なお、学校推薦型選抜の場合、合格決定後に大学入学までの学習計画を立て、その取り組み状況等を高校を通じて大学に報告するといった制度の実施も予定されています。
③推薦書の内容が見直される!
学校推薦型選抜では、学校長からの推薦書が大きく評価されます。
その点は従来の推薦入試と変わらないのですが、その推薦書の内容が変更されるんです。
今まで推薦書には、単に受験者の長所だけが記載されていました。
しかし今後は、
・入学志願者の学習や活動の成果を踏まえた「知識・技能」「思考力・判断力・表現力」「主体性を持って多様な人々と協働して学ぶ態度」に関する評価
が必ず記載され、場合によっては、
・生徒の努力を要する点(その後の指導において特に配慮を要するものがある場合)
も記載されるようになります。
調査書の内容もボリュームアップ!
これらの改革にあたり、調査書の記載内容も変化します。
現在の調査書にある「指導上参考となる諸事項」の欄が拡張され、以下の①~⑥の項目になり、より具体的な内容が記載されるようになるんです。

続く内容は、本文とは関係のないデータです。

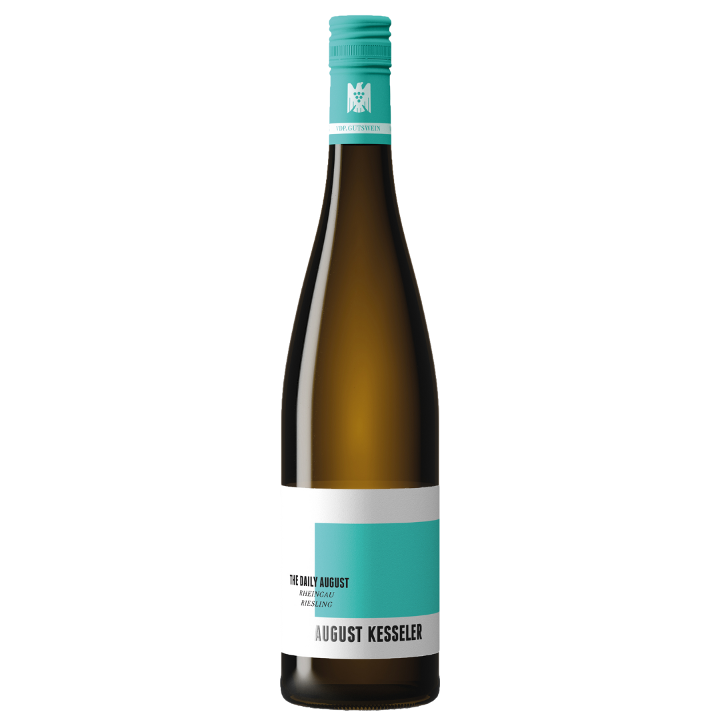 August Kesseler The Daily August Riesling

①各教科・科目及び総合的な学習の時間の学習における特徴等
②行動の特徴、特技等
③部活動、ボランティア活動、留学・海外経験等
④取得資格・検定等
⑤表彰・顕彰等の記録
⑥その他
たとえば、③の場合なら、部活動やボランティア活動等の具体的な取組内容・期間等が記載されますし、④の場合なら、資格・検定の内容・取得スコア・取得時期等までしっかり記載されるようになります。
また、現在の調査書の様式は、裏表の両面1枚となっていますが、この制限も撤廃されます。
取り組んできた事柄が多ければ多いほど、強みとしてアピールできるようになったんですね。
今後の入試は「普段の取り組み」が重要になる
2021年度以降の入試から、
「学力だけ」「調査書の内容だけ」「特別な活動の成果だけ」
で合格できる「だけ受験」は終了です。
難しいことではありますが、普段から着実に定期テストの点数を取り、実力を身に付けながら、部活や留学、ボランティアなどの学内・学外活動に積極的に参加しましょう。
これからは「主体的」で「総合的」な能力が、合格のチャンスを広げていきますよ!